Twenty-two of the 24 teams in the final World Cup draw had to negotiate a qualifying competition that encompassed 141 national teams and 491 matches over 20 months. Here's a look at those 22 survivors, along with the two countries FIFA exempted from that daunting gantlet: the defending champion, Germany, and the host, the United States.
Thanks to his hairstyle, United States coach Bora Milutinovic is readily identifiable: As someone once said, he looks as if he has just gone for a motorcycle ride facing backward. But look beyond the coif, and Bora, as he likes to be called, is almost impossible to comprehend. Born in Serbia and a resident of Mexico, he speaks four languages, but has yet to master English—or at least reveal that he has—in the three years he has lived in the U.S. His remarks can be enigmatic (e.g., "American people are like American people"), and it's impossible to pin him down on tactical matters in any tongue. Even his players aren't sure which way they're pointed as they ride into the '94 World Cup. "When you play for Bora," says defender Alexi Lalas, "it requires an unbelievable leap of faith."
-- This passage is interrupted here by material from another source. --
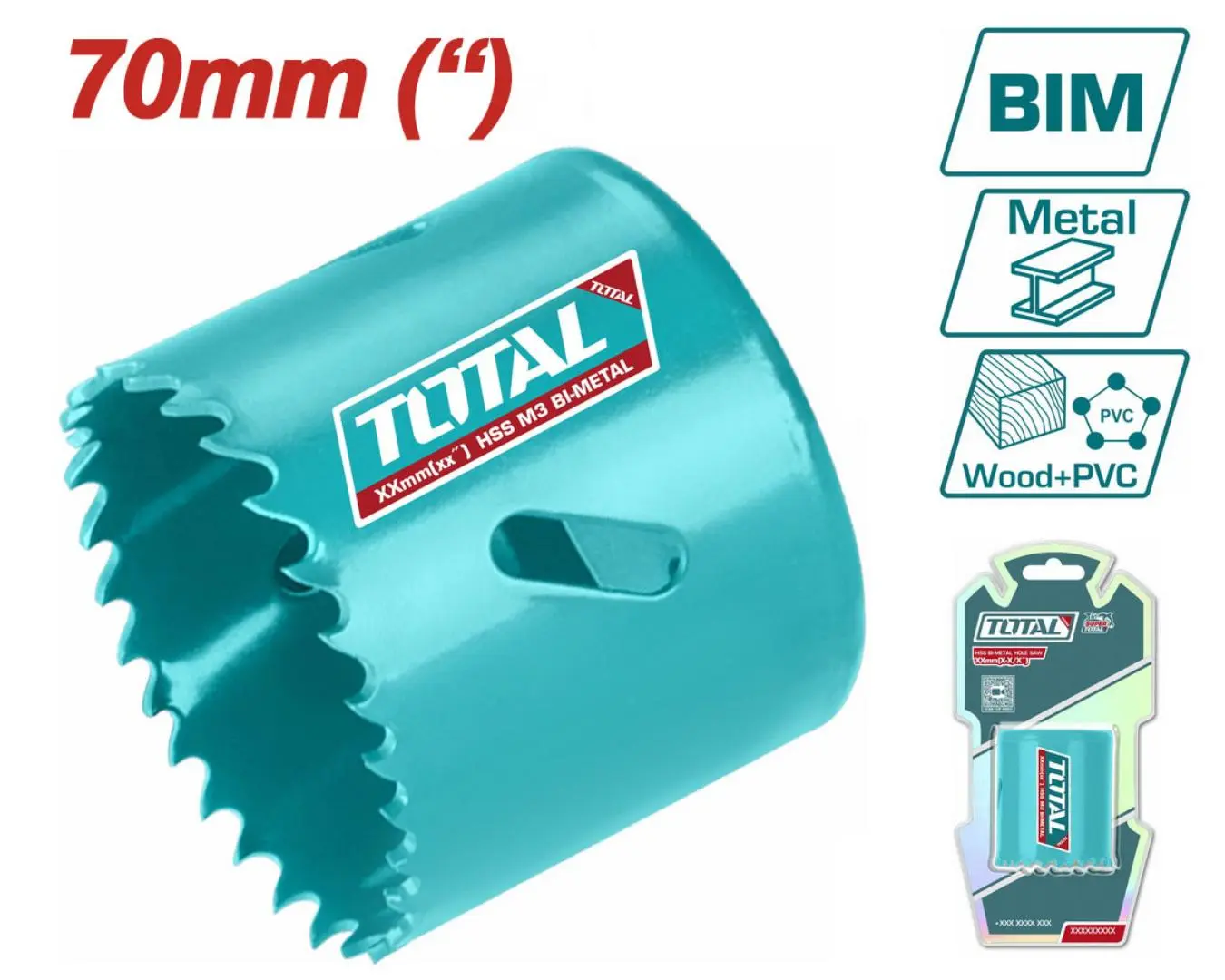 كاسة حفر معدن + خشب + PVC قياس 70 مم TOTAL - TAC410701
It's a leap that's worth taking, however. In 1986, when Mexico was the host nation, Bora guided the Tricolores into the quarterfinals of the Cup; four years ago he took tiny Costa Rica to the round of 16. The U.S. team's desultory 5-4-9 record in '94 is no Borameter: He has been tinkering with playing styles and juggling personnel with the aim of making the team more versatile.
The most disturbing aspect of the team's play recently has been its disorganization on D, but the arrival of 6'1", 190-pound Cle Kooiman should help. Kooiman starts in the Mexican first division for Cruz Azul, which means Blue Cross, which is appropriate: Kooiman is a grizzly enforcer who provides full coverage. With him patrolling the right side in a June 4 tune-up at the Rose Bowl, the U.S. shut out Mexico 1-0. Said Tony Meola, the likely U.S. starter in goal, "Defensively it's the best we've played in six months."
The U.S. will probably feature an alignment of four defenders, five midfielders and one forward. One reason for that is because the U.S. has its greatest concentration of depth and ability at midfield, especially if Bora deploys Tom Dooley (SI, May 30) there rather than at sweeper. Up front, forward Eric Wynalda should be the team's top scoring threat and the pivotal figure in the attack.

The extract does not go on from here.